In this write-up, we emphasize that EUR-cross vols and correlations should cool as data and price momentum rotates away from the Euro. Buy EURUSD vs. EURPLN vol spreads and sell EURNOK – EURSEK correlations.
The summer solstice last week was marked appropriately by year-to-date lows in FX implied volatility (refer above chart). The summer doldrums have thus descended on the FX market. It is difficult to see what would stop the market being lulled into a deeper slumber in coming weeks. No doubt the volatility decline cannot keep going on, but it is a mug’s game to speculate exactly when and why it will spike.
Meanwhile, the EU’s insistence on the ECJ as the legal arbiter of EU migrants’ rights after Brexit is emerging as the first bone of contention in the Brexit negotiations.
The ECB forum in Portugal this week will feature a slew of central bank speakers, with the persistence of disinflationary pressures being a key consideration. Fed Chair Yellen will be making remarks in London too. We will also get the latest consumer inflation readings from the Euro area (EA), Japan and the US (in the form of the PCE deflator) this week.
The list of key market events this week includes:
June 27: US Conference Board consumer confidence.
June 28: EA money supply, and the US pending home sales.

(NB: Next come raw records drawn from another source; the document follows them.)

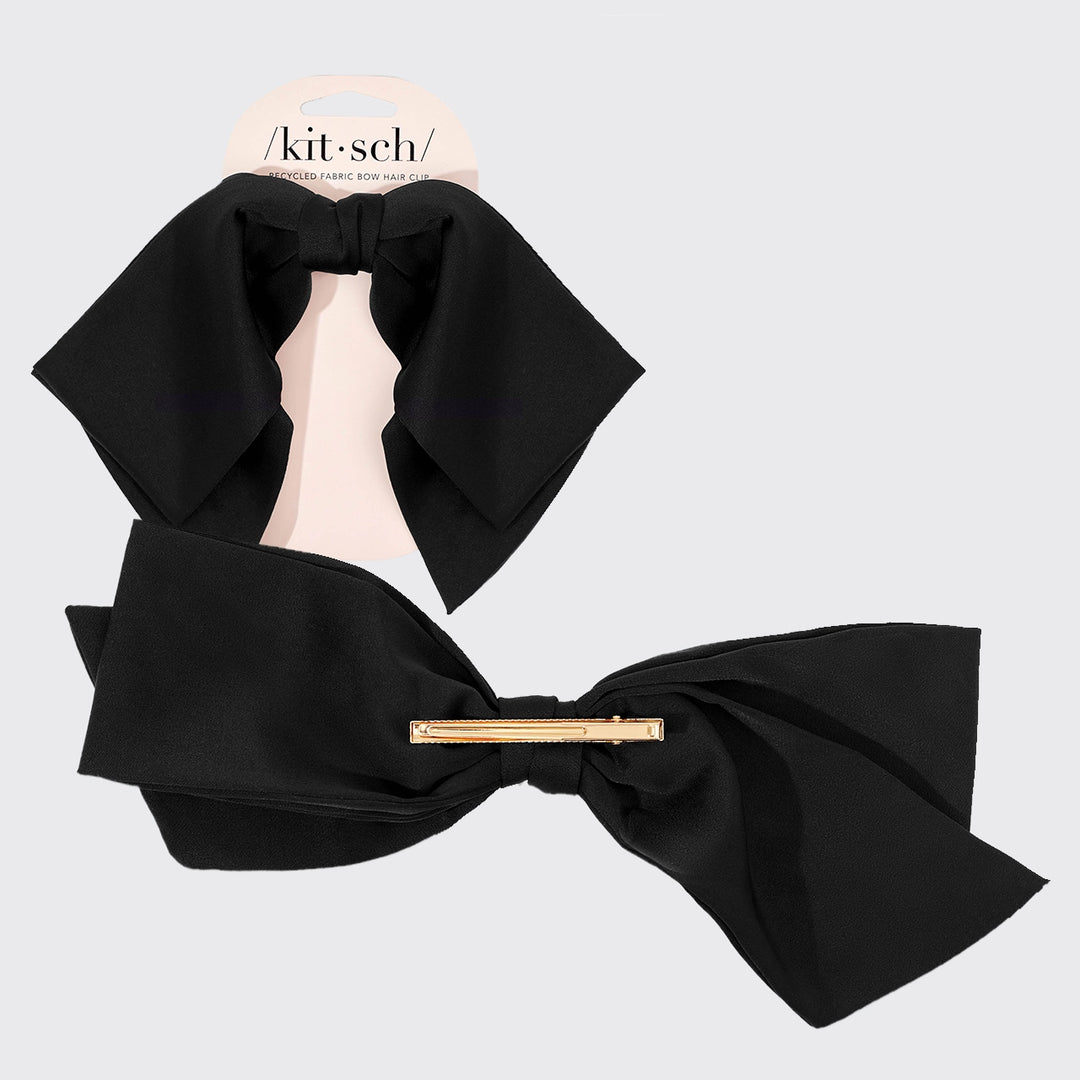 BOW HAIR CLIP-BLACK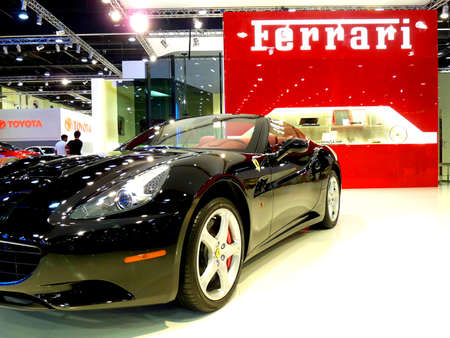 ABU DHABI, UAE - DECEMBER 10: Ferrari California on display during Abu Dhabi Int'l Motor Show 2010 at Abu Dhabi Int'l Exhibition Centre December 10, 2010 in Abu Dhabi,United Arab Emirates.のeditorial素材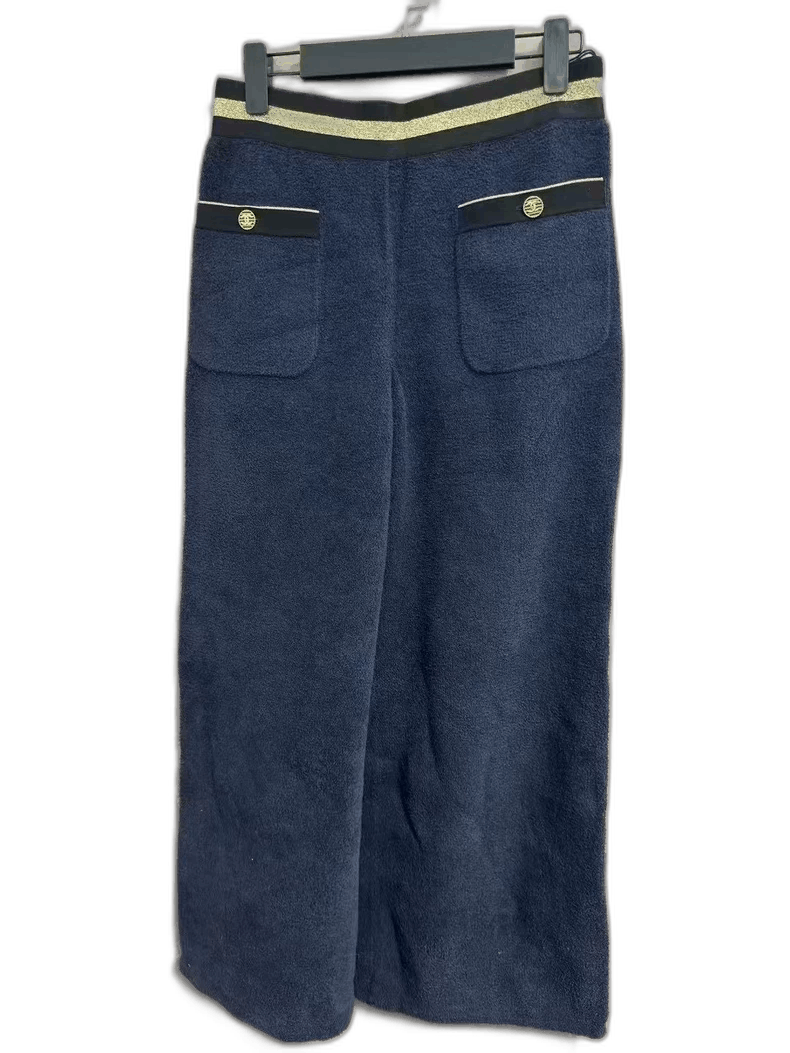 Chanel Chanel Deep Blue Towel Long Pants Size 38" / US 16 / IT 52 - 1 Thumbnail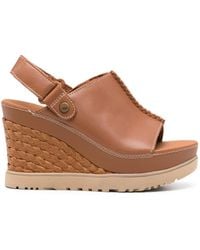 UGG - Abbot 100Mm Wedge Espadrilles - Lyst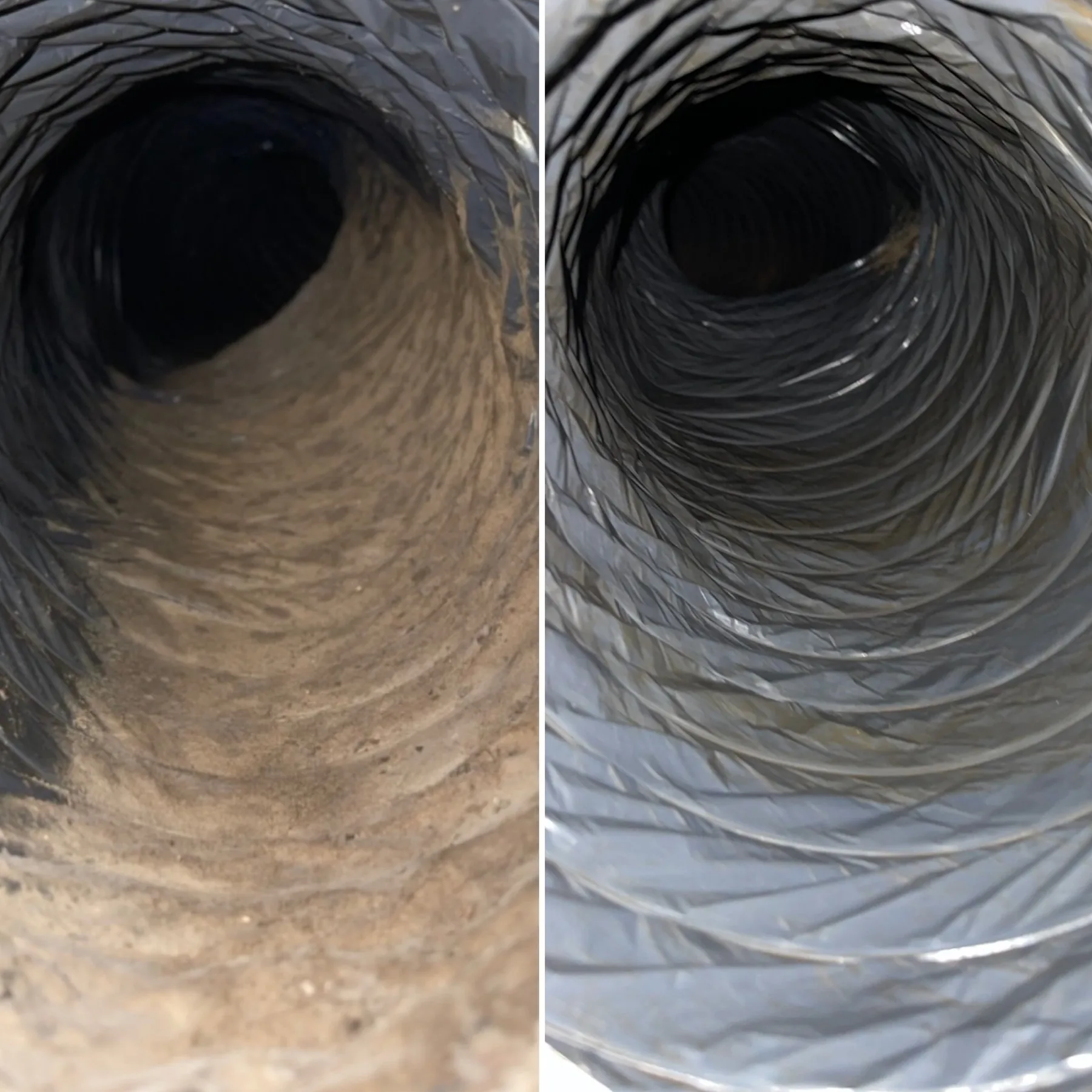 Clean air duct after professional service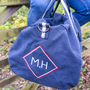 Personalised Embroidered Monogram Holdall Bag, thumbnail 2 of 6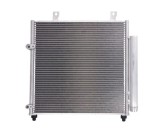 Condensator climatizare Mitsubishi Space Star, 12.2015-, motor 1.0, 52 kw; 1.2, 57kw/59 kw benzina, , full aluminiu brazat, 408(370)x392(380)x12 mm,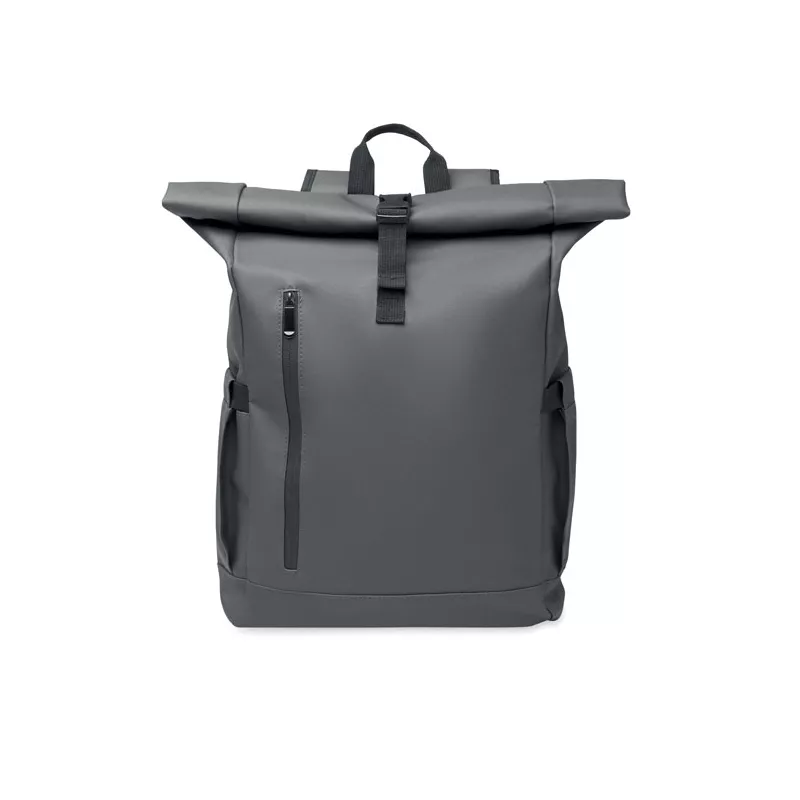 Plecak rolltop na laptop RPET 600D BANGKOK ROLL - Kamienny Szary (MO2643-15)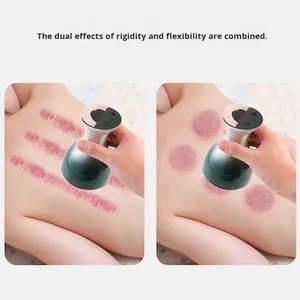 Ensemble de <span class=keywords><strong>massage</strong></span> par ventouses intelligent à micro-courant vibrant pour le corps, avec thérapie par aspiration, alimentation USB, lumière rouge, chaleur et matériau ABS - Product Image 6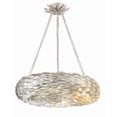 thumbnail image 3 of 536-SA Crystorama Lighting Broche - 6 Light Chandelier-5 Inches Tall and 24 Inches Wide-Antique Silver Finish, 3 of 8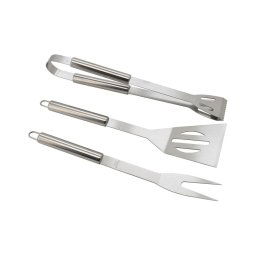 Utensílios de grelhar aço inoxidável 3 pcs
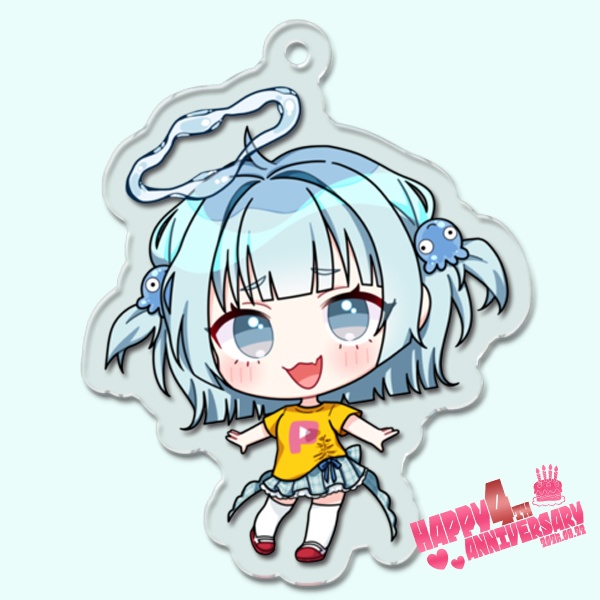 【4周年記念】ピクポTアクリルキーホルダー【受注生産】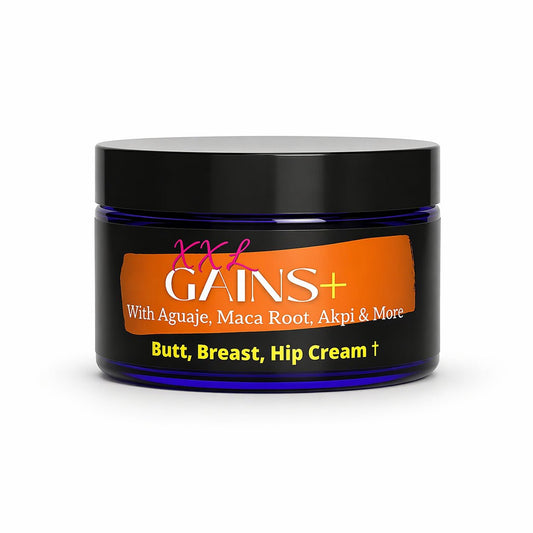 XXL Gains+™ Enhancement Cream – Curvy Body Target Cream with Akpi, Maca & Aguaje - Get Thick Products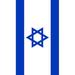 Toland Home Garden Flag of Israel 2-Sided Polyester 18 x 12.5 in. Garden Flag in Blue | 18 H x 12.5 W in | Wayfair 1110641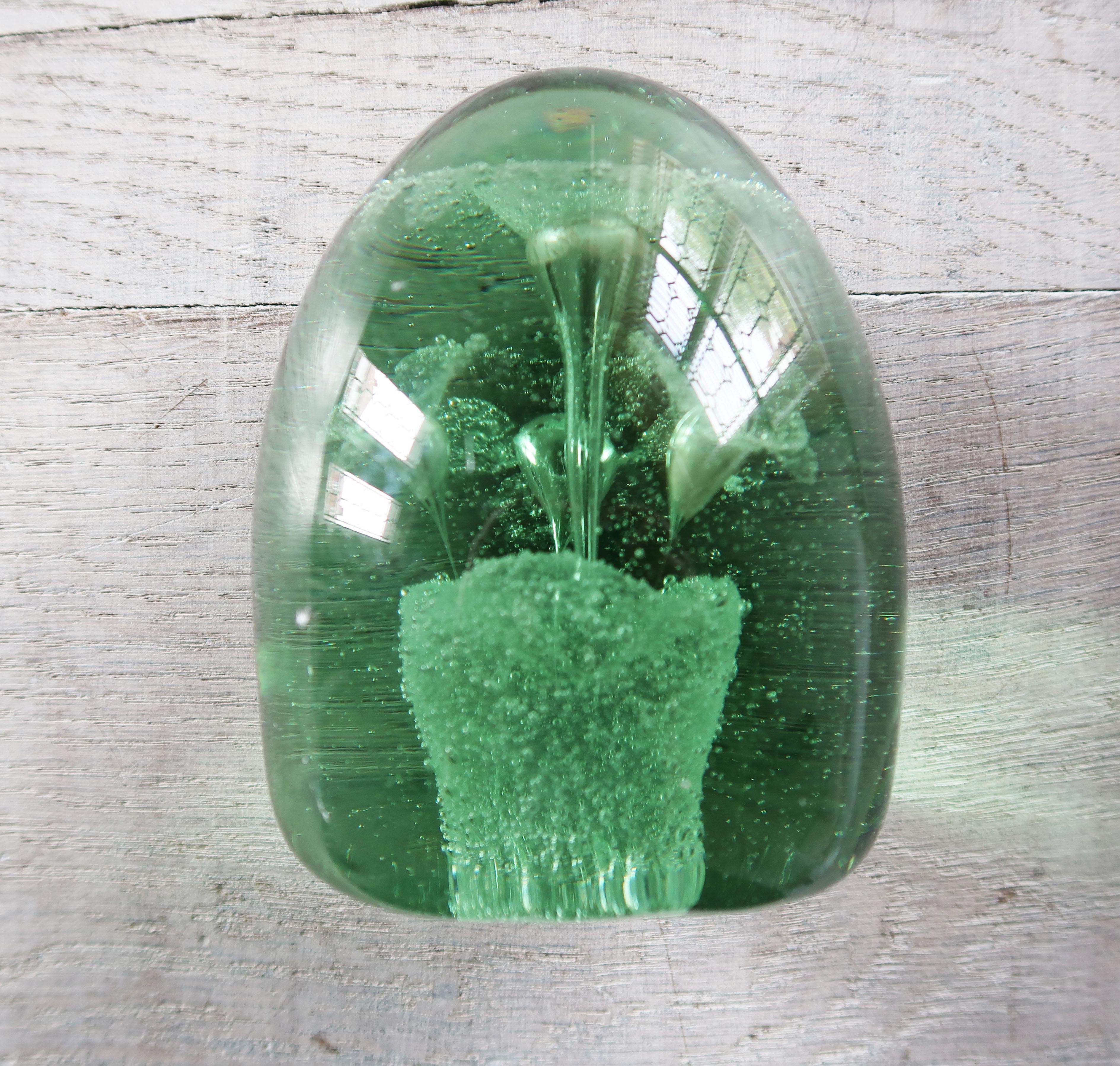 green glass door examples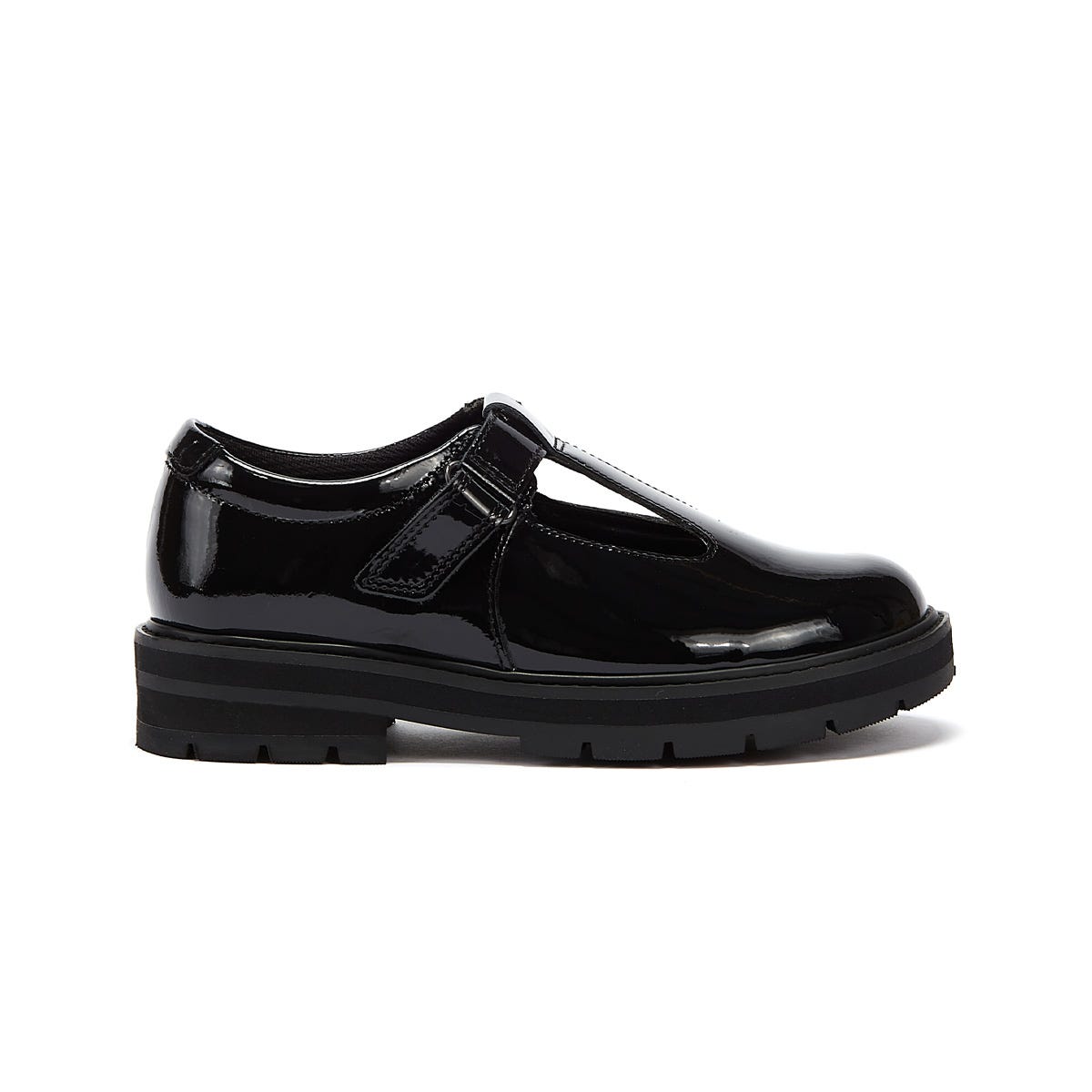 Clarks Prague Brill O Kids Black Shoes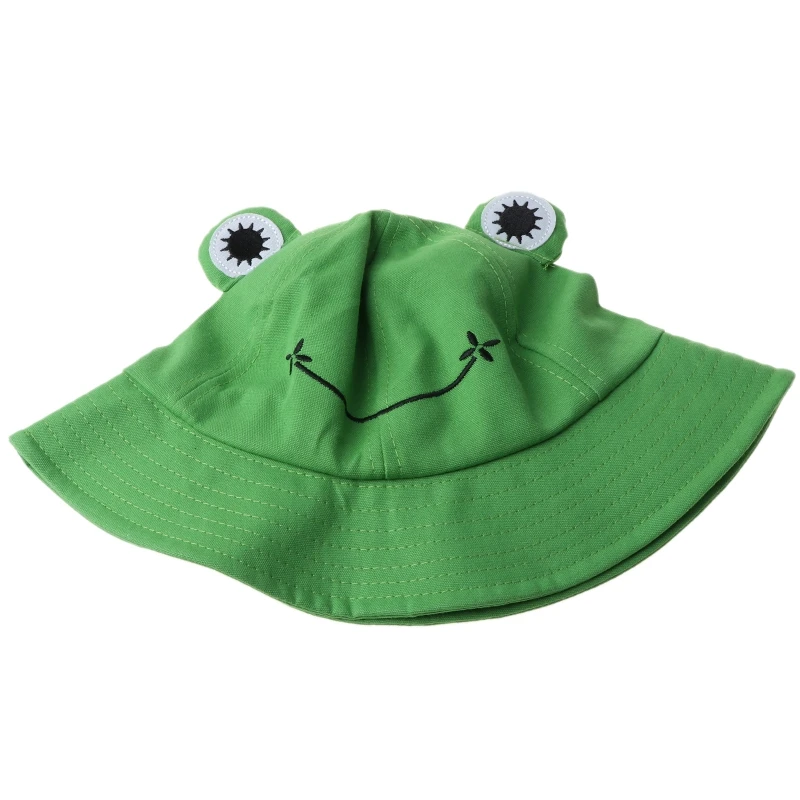 

Foldable Cotton Cute Frog Bucket Hat Summer Sunscreen Fisherman Cap Outdoor Fishing Hunting Sunhat Headwear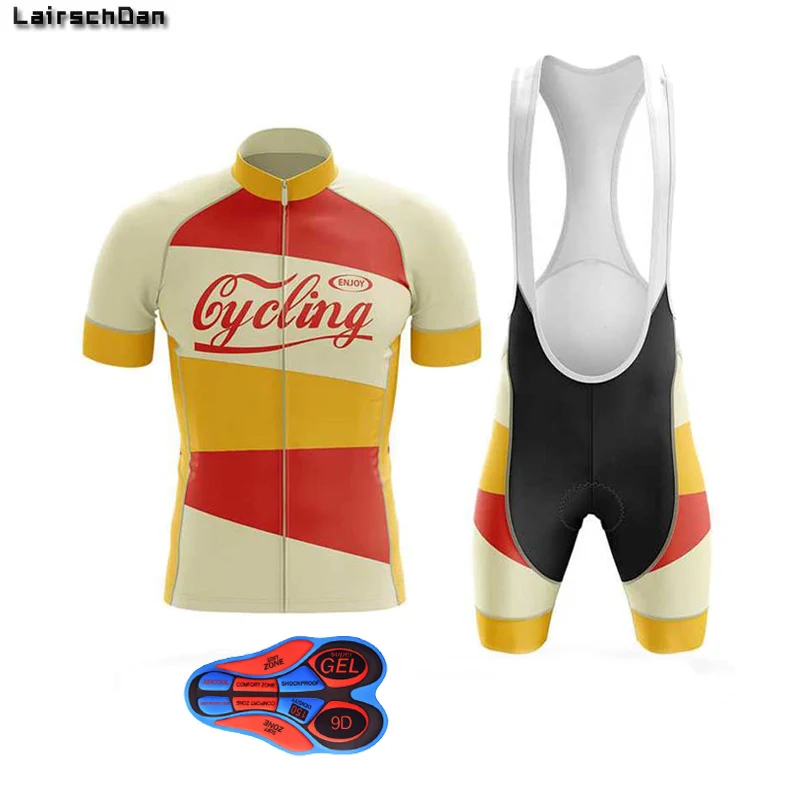 LairschDan Team Cycling Clothing MTB Bib Shorts Bikes Jerseys Set Ropa Ciclismo Hombre Kit ropa ciclismo hombre | Спорт и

June 29: Germany CPI, and US 1Q GDP.
June 30: Japan CPI, China PMIs, France CPI, Germany employment report, UK 1Q GDP, EA CPI, Canada April GDP, US personal income & spending, US PCE deflator, and UMich consumer sentiment. n The revival of disinflationary pressures is negative for the US dollar, which has demonstrated a positive relationship with US inflation expectations in recent quarters (refer above chart).
Based on rate differentials and positioning data, however, EURUSD still looks overdone on a tactical short-term perspective. We stick to our bullish EURUSD medium-term view and recommend buying the pair on dips to 1.10-1.11. The technical analysts highlight technical support for EURUSD layered just under 1.11. With alleviating EUR downside risks, and given frequent flips in the EURUSD skew before the Fed/ECB QE era, positive EURUSD risk reversals are an increasingly likely development.
Buy EURUSD 6m call strike 1.15, European KI on the realized volatility at 9% Indicative offer: 0.60% (vanilla: 1.61%, volatility swap: 7.6%, spot ref: 1.1273).
Meanwhile, EURNOK has held under its one-year ceiling at 9.59 as crude oil prices find support near the $40/bbl mark. With the Norges Bank shifting to a neutral policy stance, selling EURNOK above 9.50 appeals to us. EUR-cross vols should be more muted in H2 as data momentum and investor focus on Europe cools. Buy 2M 25D EUR call switches in EURUSD vs. EURPLN and sell EURNOK – EURSEK correlations via a vanilla option triangle.